Keywords: Oligodendroglial progenitors, NG2 cells, Glia, Neuroprotection, Trophic factors, CNS microenvironment
Introduction
The potential use of stem/progenitor cell-based replacement strategies to treat neurodegenerative diseases is the subject of intensive research. The cell transplantation, aimed at restoring the central nervous system (CNS) function, might either directly replenish the local cellular deficit or support the process of endogenous neurogenesis. Advances in stem cell (SC) biology revealed that their therapeutic effect could be attributed to their ability to secrete numerous active compounds (complement, cytokines, chemokines, trophic factors), which modify the local microenvironment making it more permissive to restorative processes [1–3]. The instructive paracrine signals could contribute to attenuating local inflammatory process, neuroprotecting from cell death, recruiting endogenous progenitors and regulating cell commitment and differentiation.

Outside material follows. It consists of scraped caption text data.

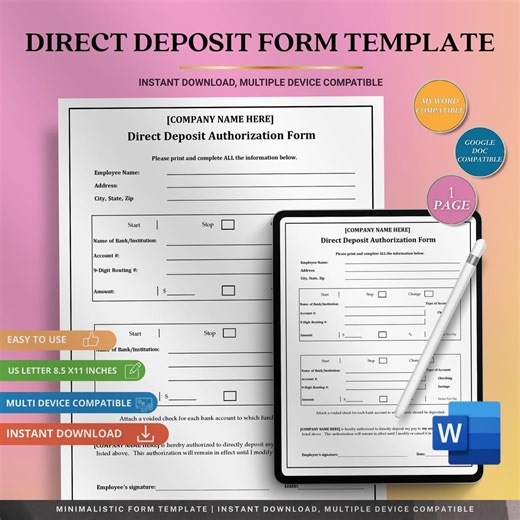 Direct Deposit Form Template (editable Word DOC) – Payroll Authorization - Etsy Canada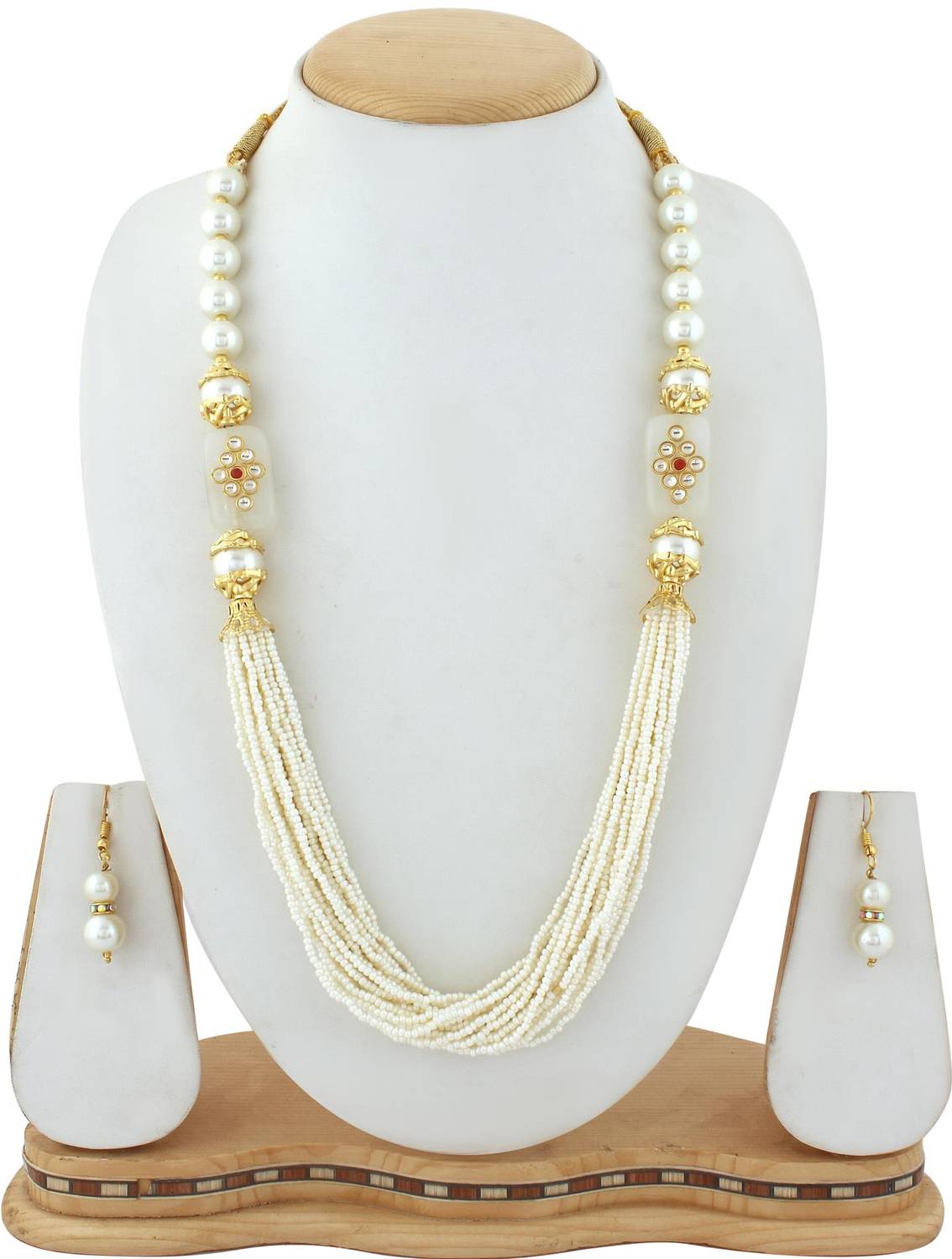 Shine Hub Alloy Gold-plated White Jewellery Set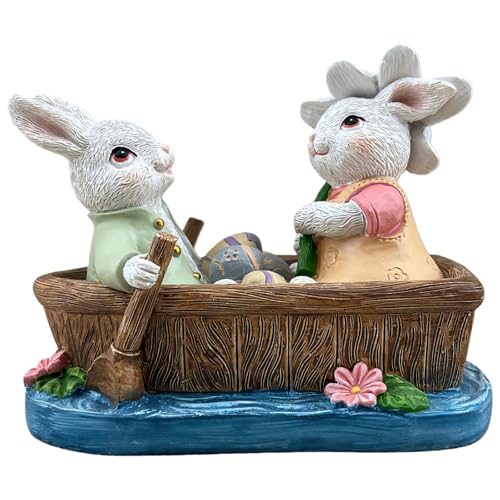 Estatua de conejos en bote decorativa de resina miniatura 1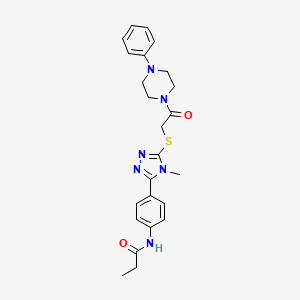 N-[4-(4-methyl-5-{[2-oxo-2-(4-phenylpiperazin-1-yl)ethyl]sulfanyl}-4H-1,2,4-triazol-3-yl)phenyl]propanamide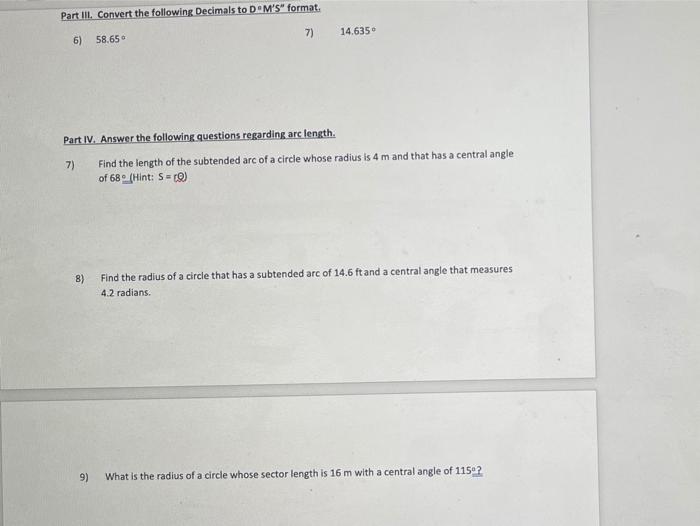 Part Iii Convert The Following Decimals To Dam S Format 7 14 6350 6 58 650 Part Iv Answer The Following Questions 1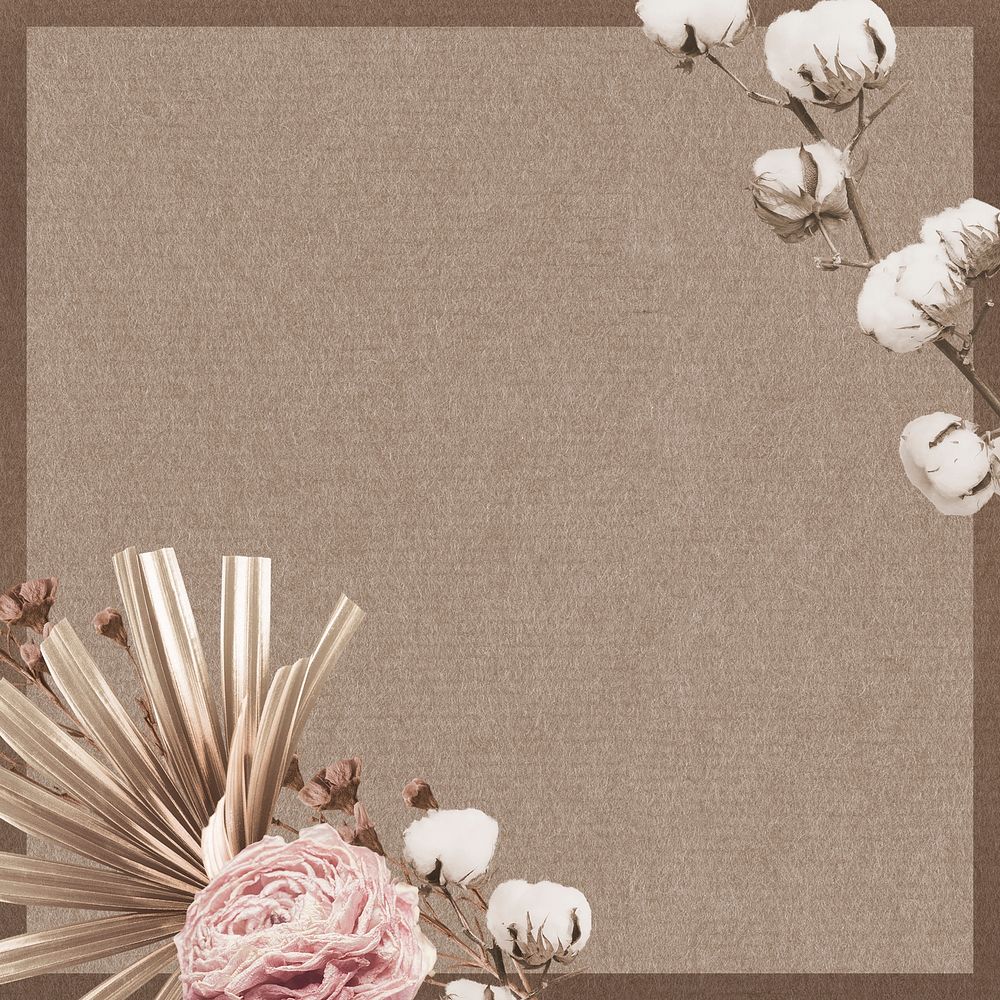 Flower border frame Facebook Instagram post background, earth tone design psd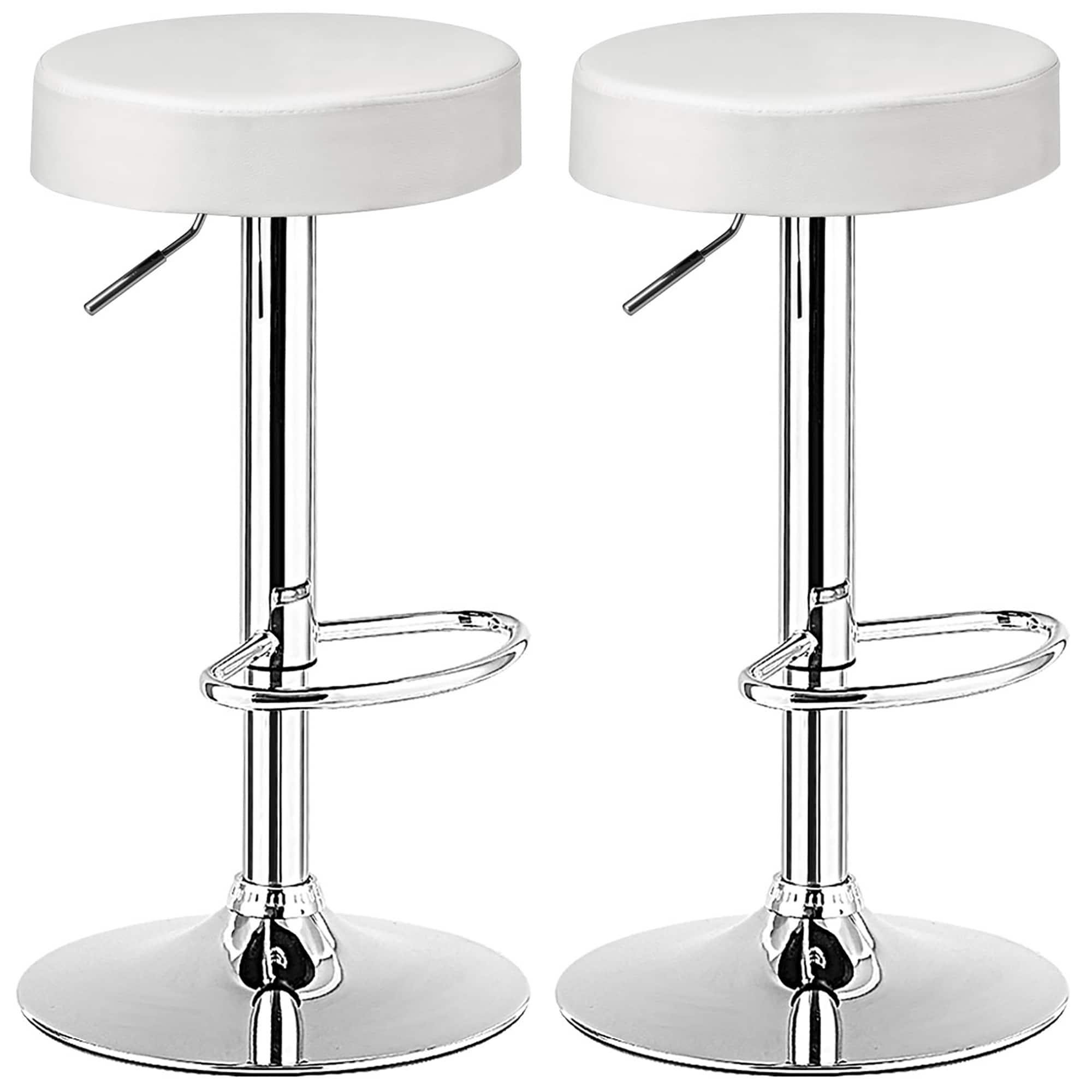 Costway - Set of 2 Round Bar Stool PU Adjustable Swivel Pub Chair W/ Footrest - White
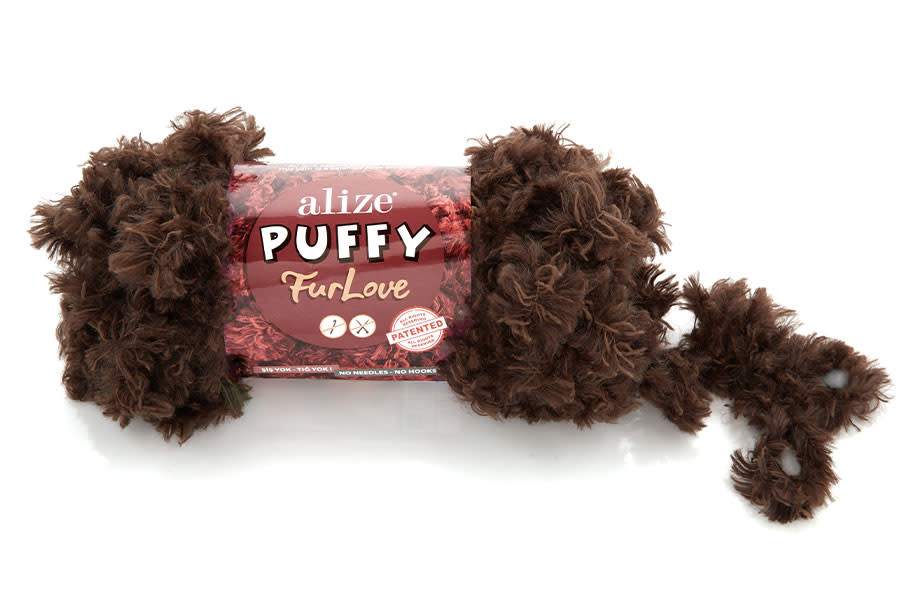 Puffy Fur Love -493 Dark Brown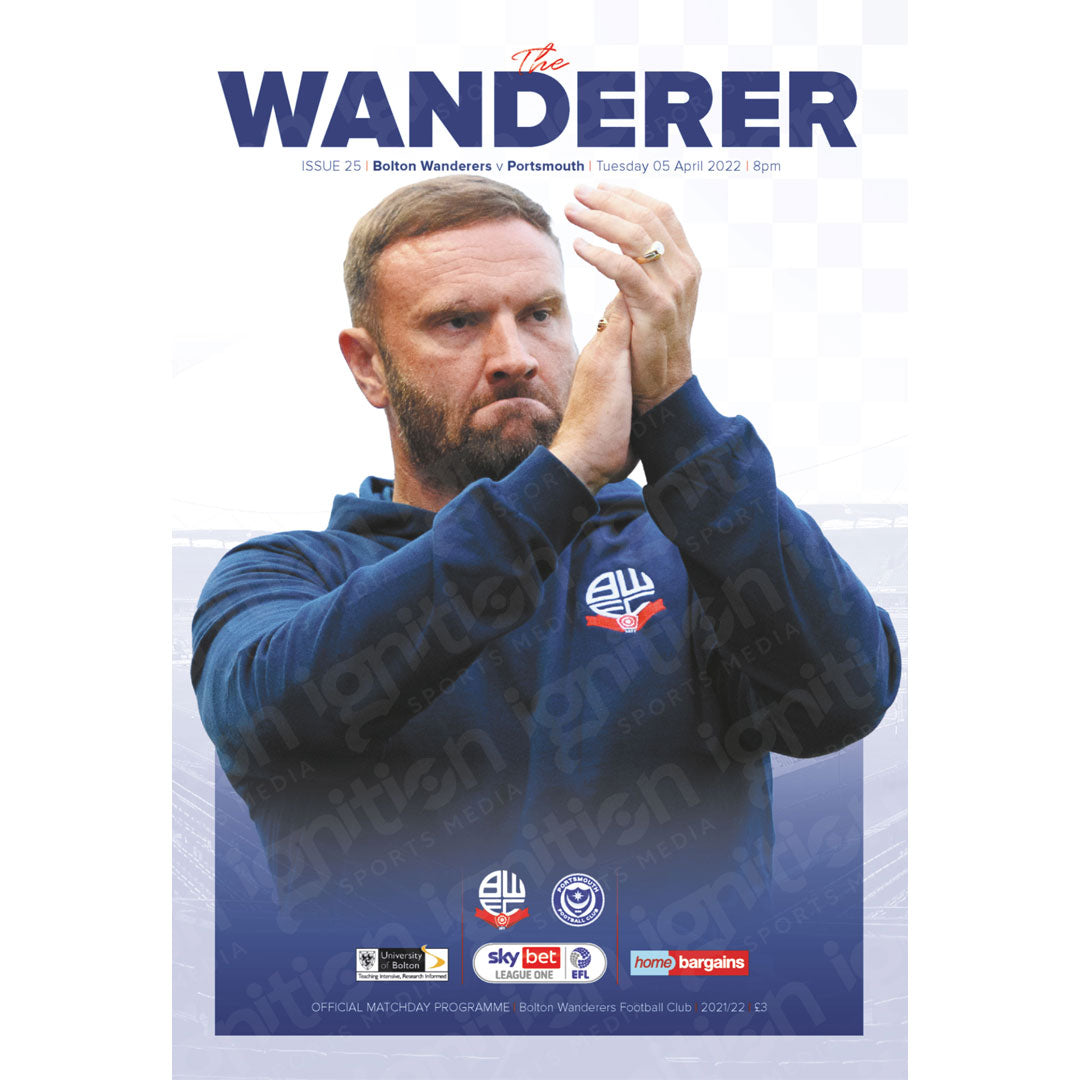 Bolton Wanderers vs Portsmouth football programme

In the neurogenic niche of adult mammalian brain, self-renewing neural stem cells (NSCs) reside at subventricular zone (SVZ) and subgranular zone within the hippocampus (SGZ) [4–7]. The oligodendrocyte progenitor cells (OPCs, also known as NG2 cells) are present at relatively high amounts among the cycling cells inhabiting SVZ. Moreover, OPCs are present in immature and adult CNS, where they constitute the major population of dividing cells [8–11]. Those glia-committed progenitors were actually shown to exhibit many features of SCs. They are multipotential [12, 13], gathering SC migratory and proliferative potential throughout the lifespan [14–17]. It was also shown that OPCs are mobilized and expand in response to various chemical, immunological or traumatic injuries [18–21].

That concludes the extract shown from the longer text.